The task:
Reproduce verbatim the line containing "In-Win 904 PLUS" and every line that follows it through the end of the entries below, omitting all pictures.
Data below:
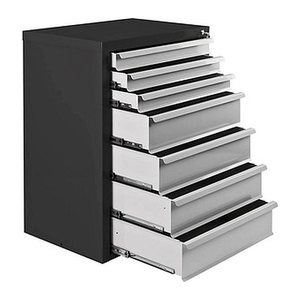 ADB MAMMUT Schubladenschrank lichtgrau, anthrazit 7 Schubladen 70,0 x 43,5 x 90,0 cm, 1 St.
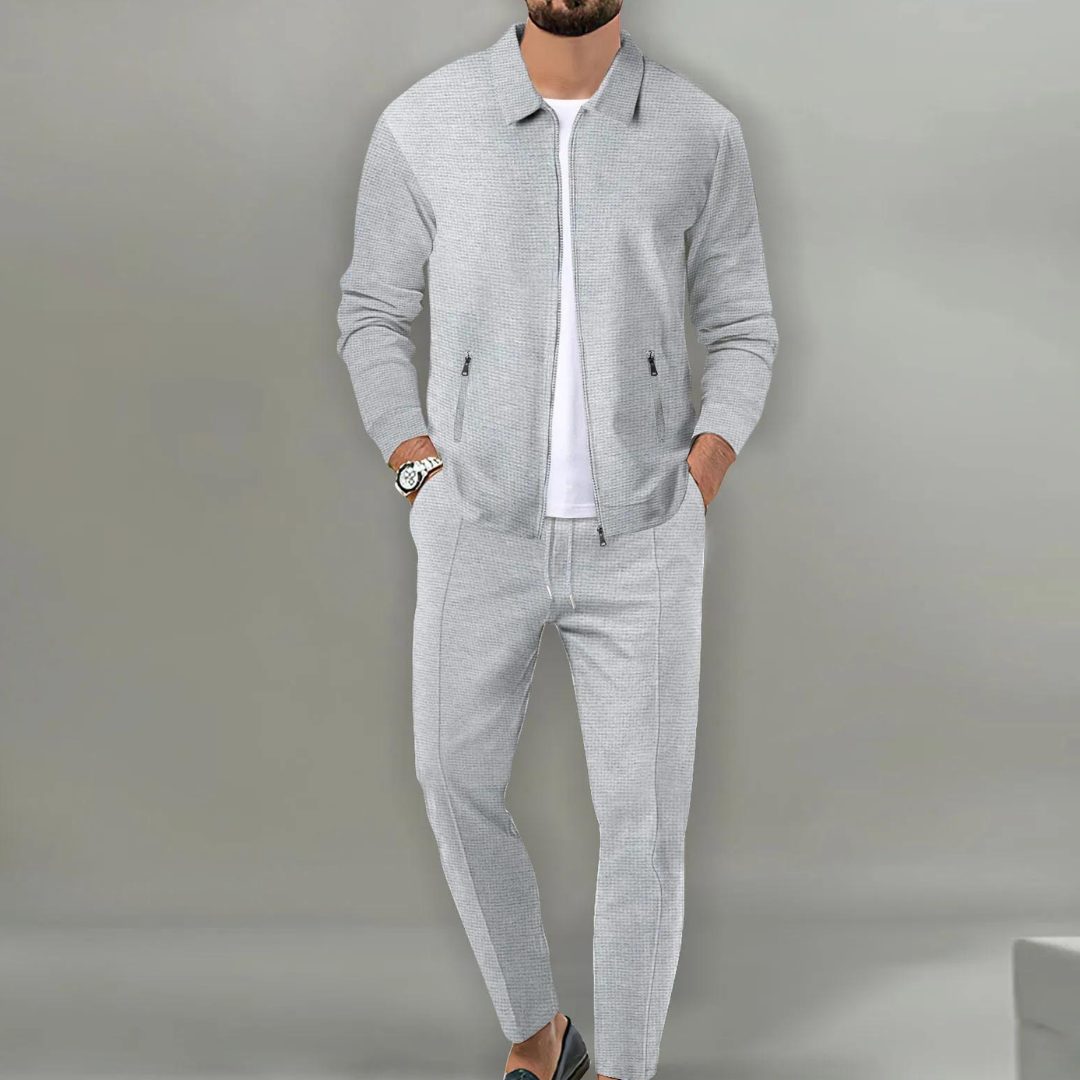 Aureliano | Conjunto para hombre con chaqueta bomber y pantalón elástico cómodo | Deportivo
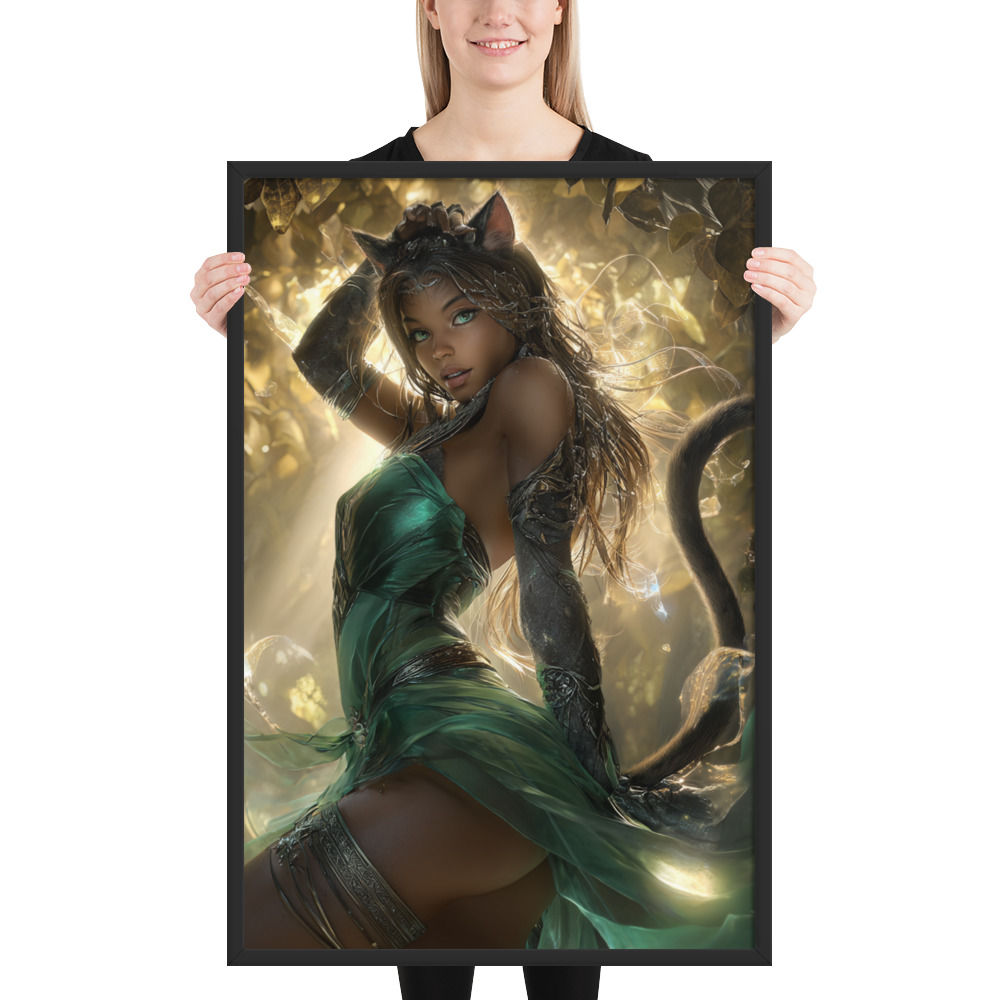 Cat Girl Framed Art V1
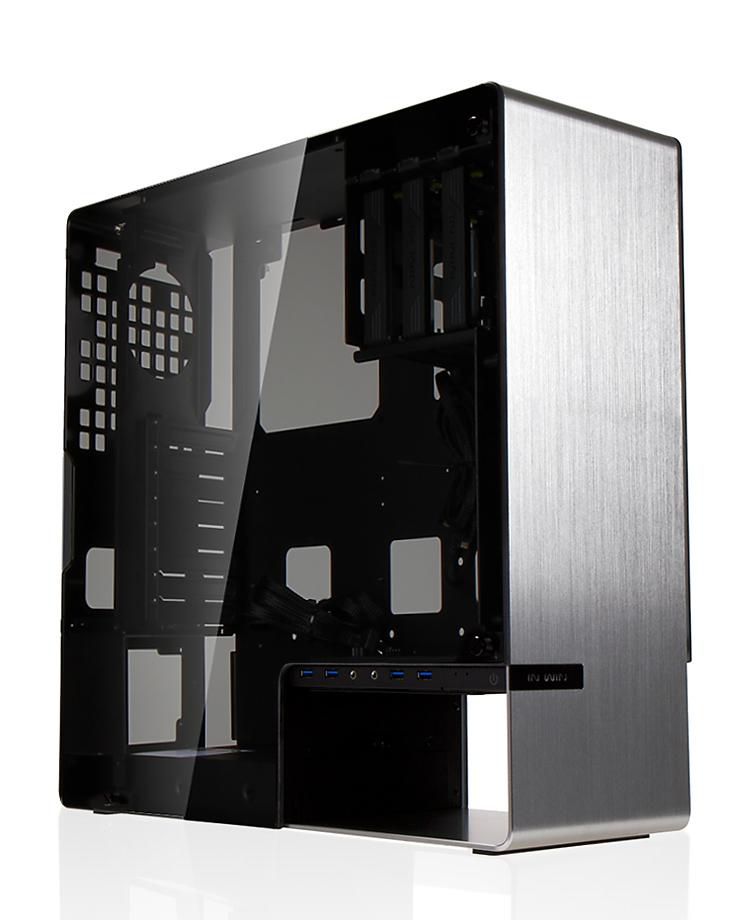 In-Win 904 PLUS SILVER W129035923 904 Plus Midi Tower Silver 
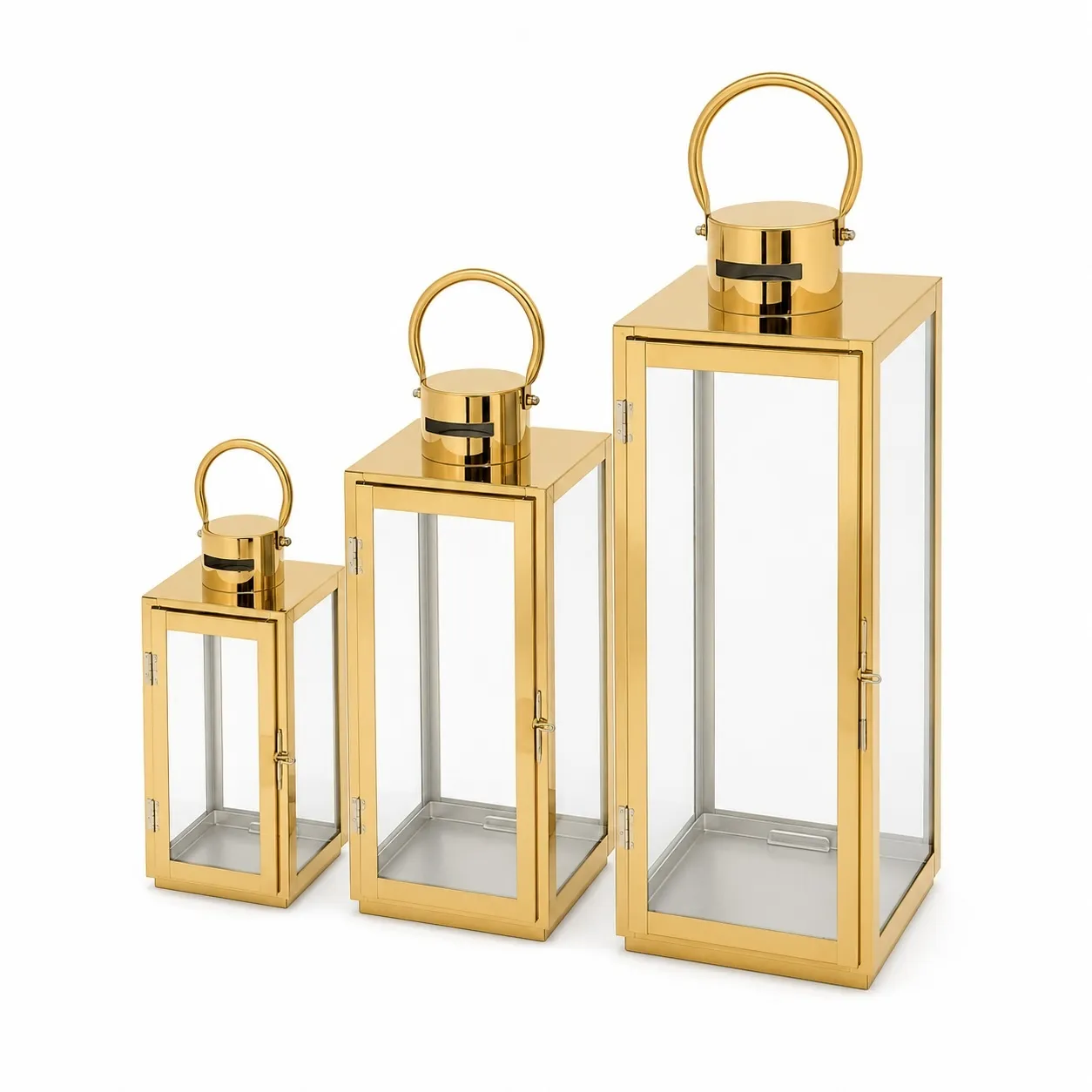 Laterne "Vintage" Gold 3er Set 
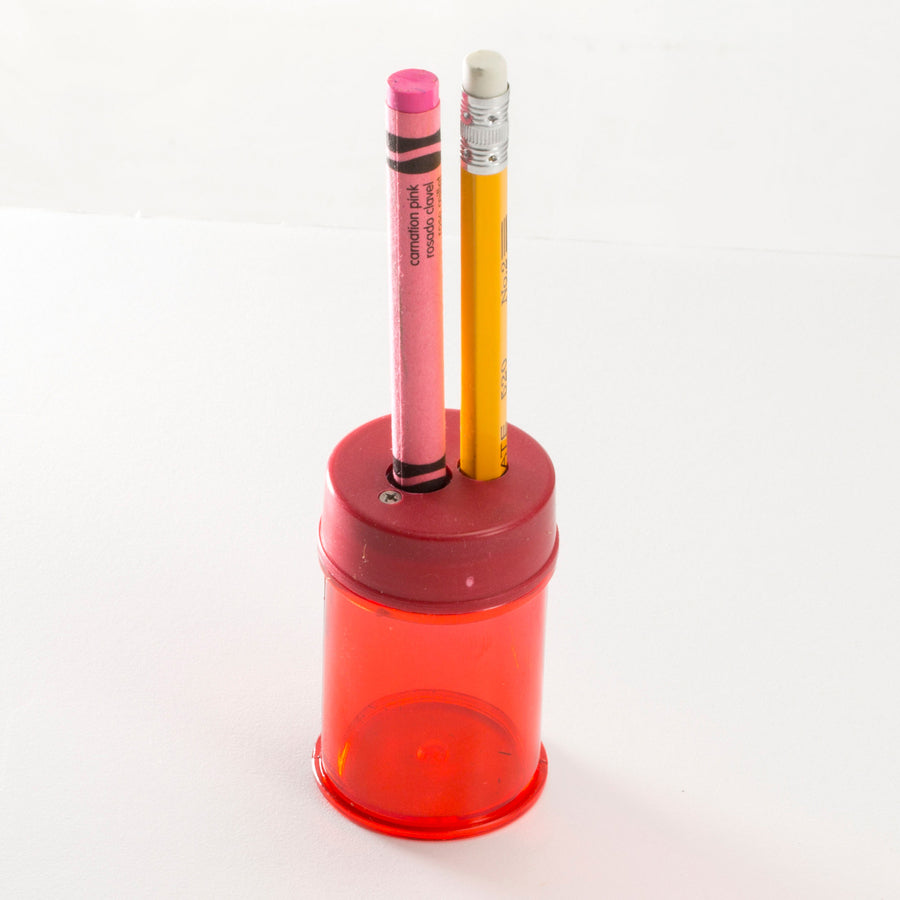 Pencil/Crayon Sharpener, 1.38 x 2.13, Red, 8/Pack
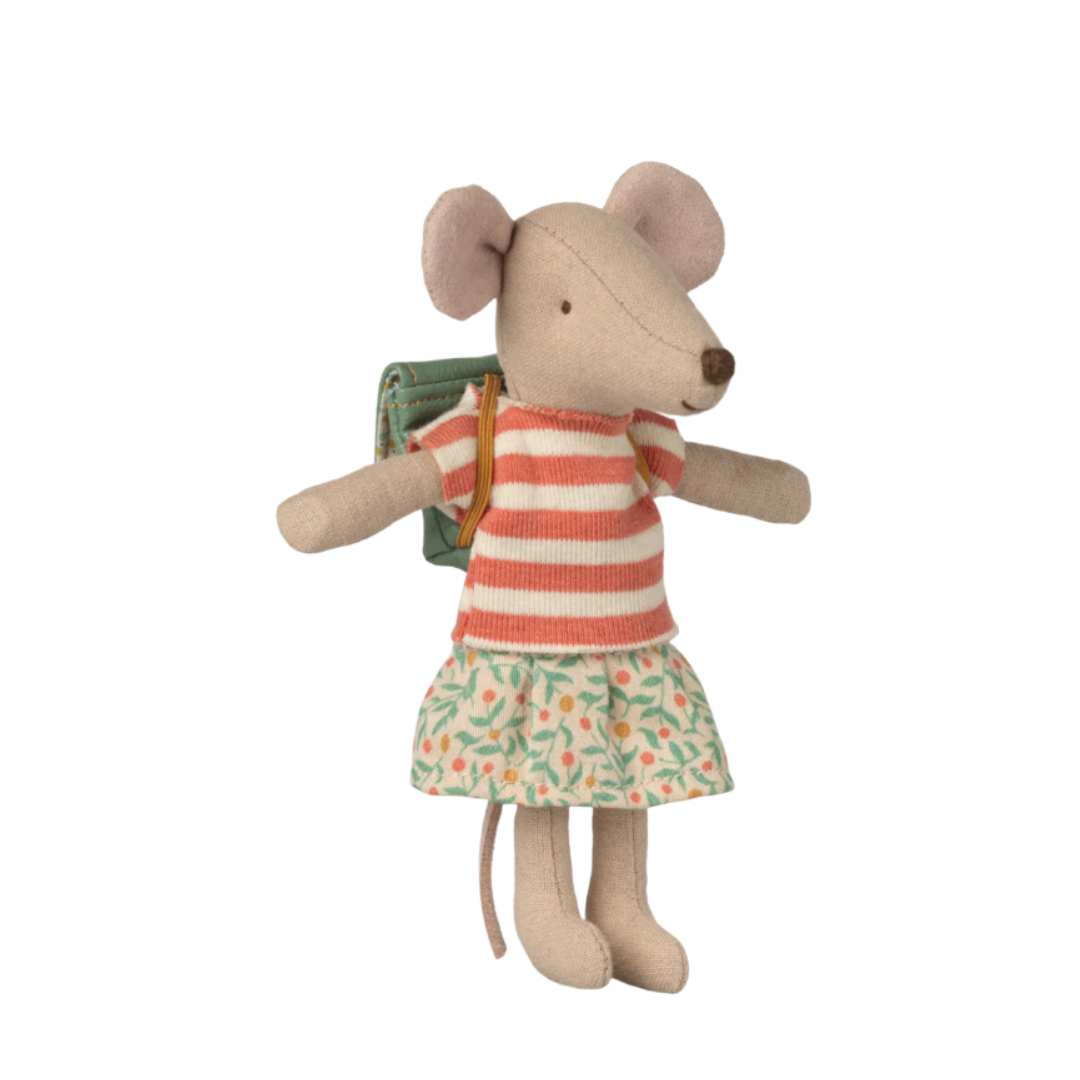 Clothes and Bag, Big Sister Mouse (Green)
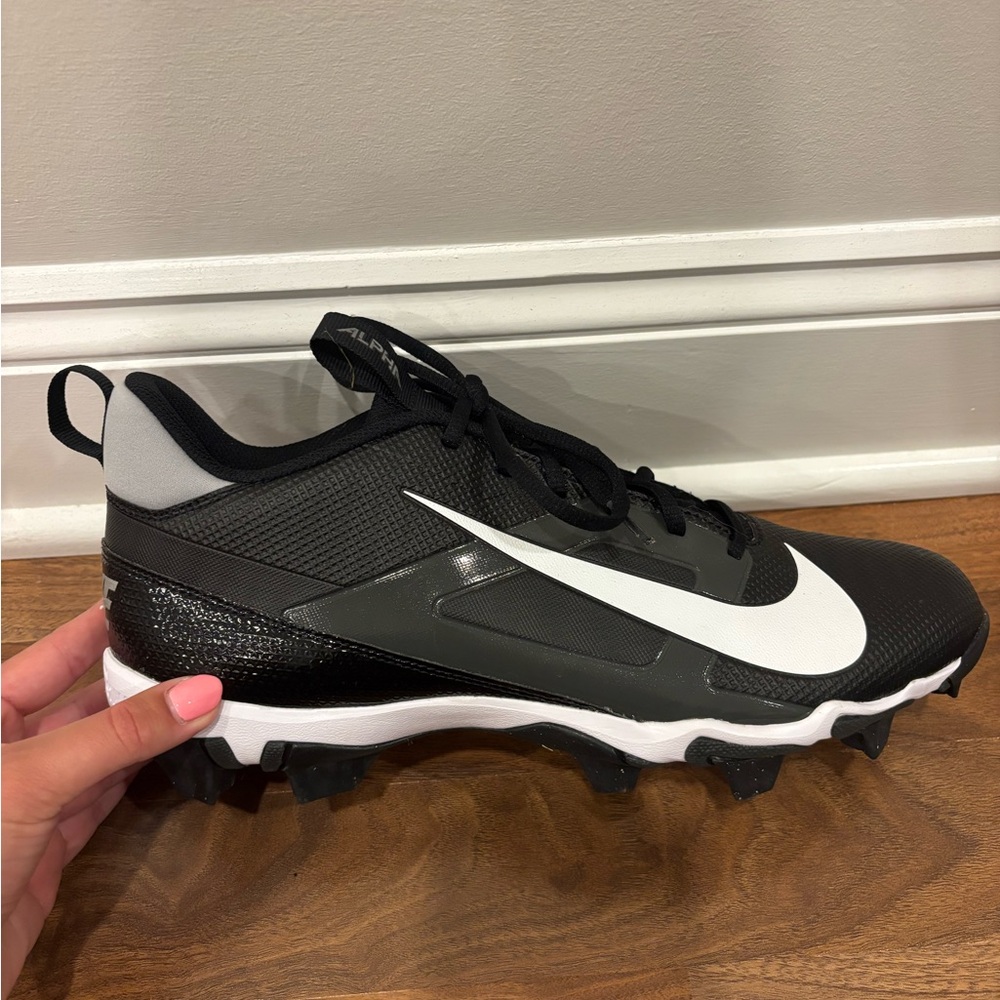 Men's Nike Alpha Menace 4 Shark Football Cleats - Black - Men’s Size 11.5 - Picture 4 of 10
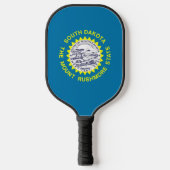 Pickleball Paddle with flag of South Dakota, USA ピックルボールラケット (正面)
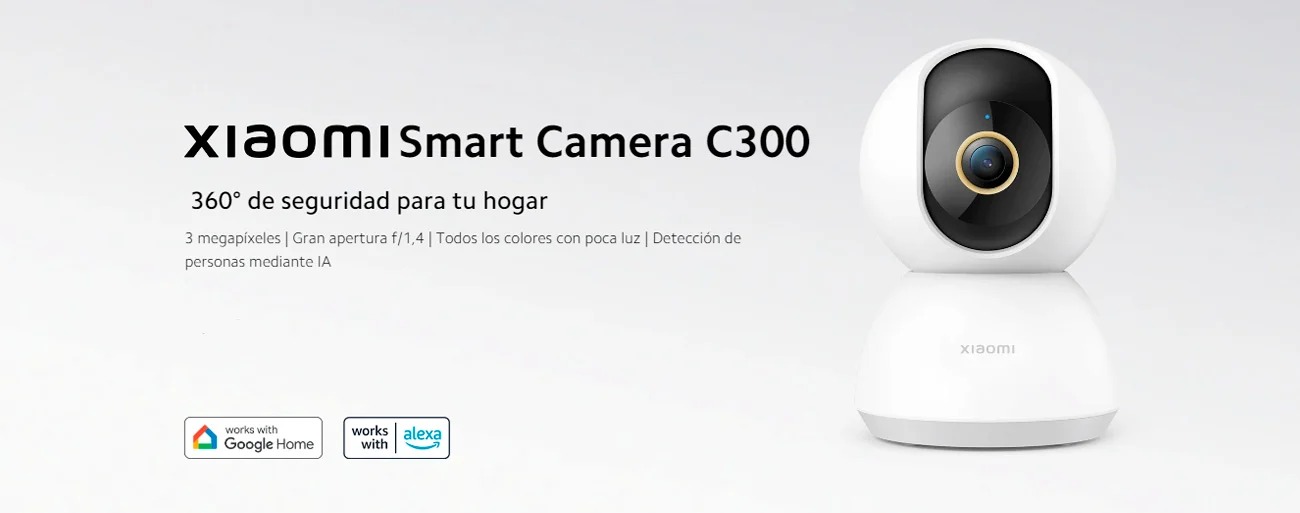 Xiaomi Smart Camera C300: Ofrece una calidad de imagen mejorada de 2K HD
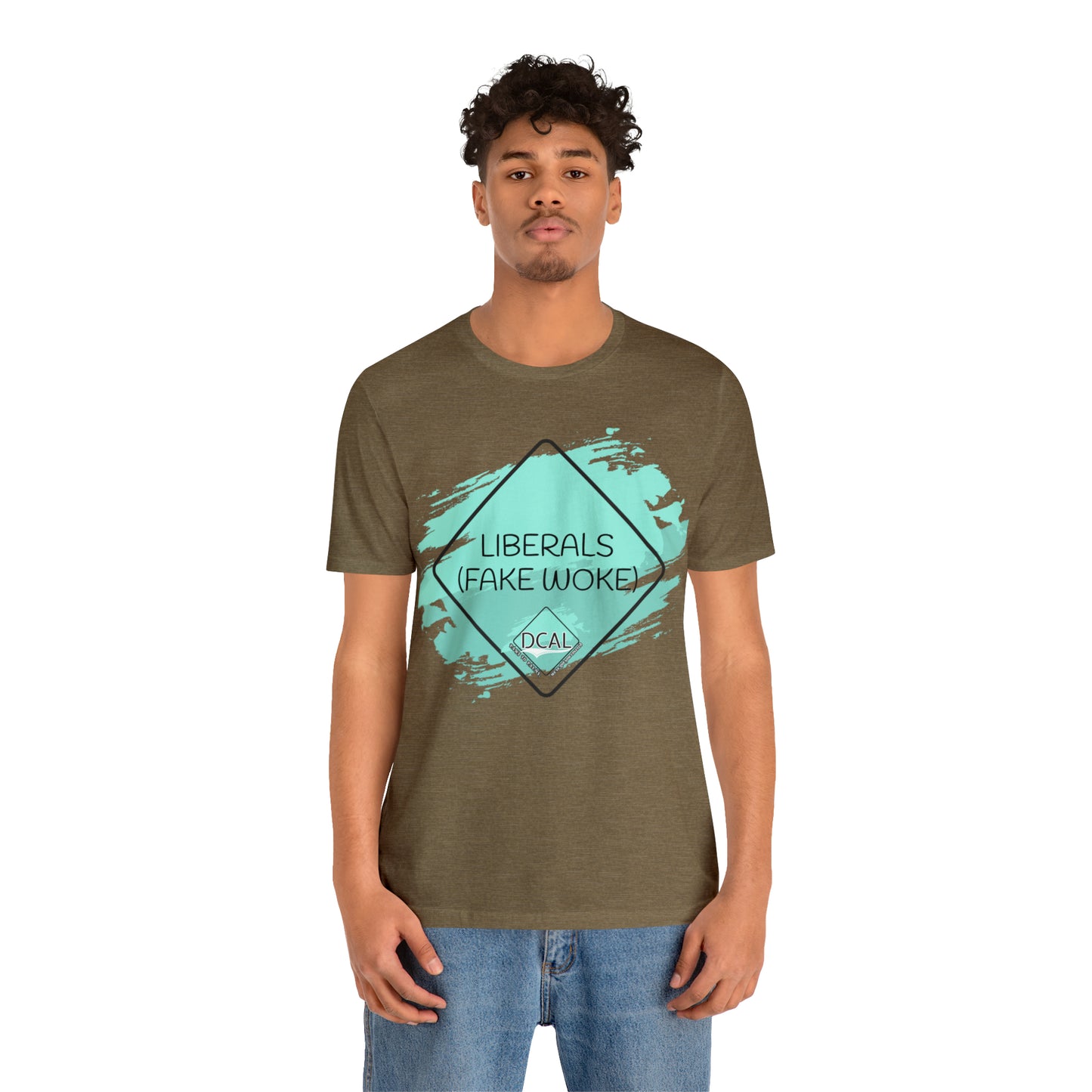 DCAL Graphic Tees "Fake Woke" Unisex Jersey Short Sleeve Tee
End of Data.
Task answer:
 In-Win 904 PLUS SILVER W129035923 904 Plus Midi Tower Silver 
 Laterne "Vintage" Gold 3er Set 
 Pencil/Crayon Sharpener, 1.38 x 2.13, Red, 8/Pack
 Clothes and Bag, Big Sister Mouse (Green)
 Men's Nike Alpha Menace 4 Shark Football Cleats - Black - Men’s Size 11.5 - Picture 4 of 10
 Pickleball Paddle with flag of South Dakota, USA ピックルボールラケット (正面)
 Xiaomi Smart Camera C300: Ofrece una calidad de imagen mejorada de 2K HD
 DCAL Graphic Tees "Fake Woke" Unisex Jersey Short Sleeve Tee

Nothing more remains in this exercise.